YAGO 4.5 is the latest version of the YAGO knowledge base. It is based on Wikidata — the largest public general-purpose knowledge base. YAGO refines the data as follows:
- All entity identifiers and property identifiers are human-readable.
- The top-level classes come from schema.org — a standard repertoire of classes and properties maintained by Google and others. The lower level classes are a careful selection of the Wikidata taxonomy.
- The properties come from schema.org.
- YAGO 4.5 contains semantic constraints in the form of SHACL. These constraints keep the data clean, and allow for logical reasoning on YAGO.
YAGO is thus a simplified, cleaned, and “reasonable” version of Wikidata. It contains 49 million entities and 109 million facts.
If you use YAGO 4.5 for scientific purposes, please cite our paper:
Fabian M. Suchanek, Mehwish Alam, Thomas Bonald, Pierre-Henri Paris, Jules Soria:
Integrating the Wikidata Taxonomy into YAGO
Arxiv 2308.11884, 2023
How to use YAGO
YAGO is an RDFS knowledge base. It is a collection of facts, each of which consists of a subject, a predicate, and an object — as in
yago:Elvis_Presley rdf:type schema:Person.
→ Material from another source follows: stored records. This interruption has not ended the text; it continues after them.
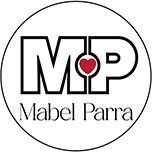 Mabel Parra, Badajoz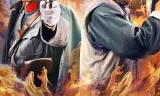 Thập Tam Thái Bảo: Giang Hồ Tái Khởi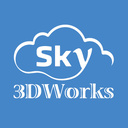Sky3DWorks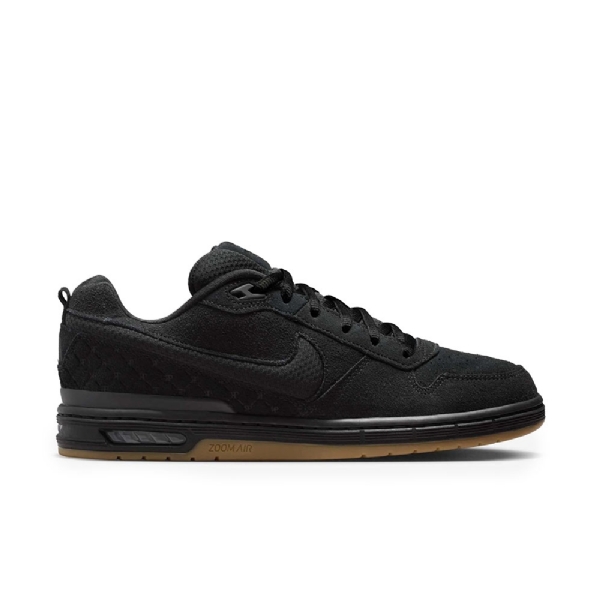 Tênis Nike Paul Rodriguez Zoom Preto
The facts come from Wikidata, and the predicates have been mapped manually to the predicates of schema.org. Facts whose predicates could not be mapped were omitted. All predicates, all classes, and most entities have human-readable names. YAGO entities are mapped with
owl:sameAs to Wikidata.
YAGO comes with SHACL constraints that specify the disjointness of certain classes, as well as the domains, ranges, and cardinalities of relations. Please find a detailed description of the upper taxonomy as well as our design document here.
The YAGO 4.5 knowledge base consists of the following set of Turtle files:
- Schema: The upper taxonomy, constraints, and property definitions in SHACL.
- Taxonomy: The full taxonomy of classes.
- Facts: All facts about entities that have an English Wikipedia page.
- Facts beyond Wikipedia: All facts about entities that do not have an English Wikipedia page.
- Meta: The fact annotations (“facts about facts”) in RDF*.
YAGO 4.5 can be downloaded here
If you are just interested in the data of YAGO, there is no need to use the present code repository. You can download data of YAGO above.
The source code of YAGO is a Python project that ingests facts from Wikidata, and transforms them into YAGO. If you run the code yourself, you can add other sources or modify the generation of the knowledge base. The YAGO 4.5 source code is available at Github. It is licensed under the Creative Commons Attribution License.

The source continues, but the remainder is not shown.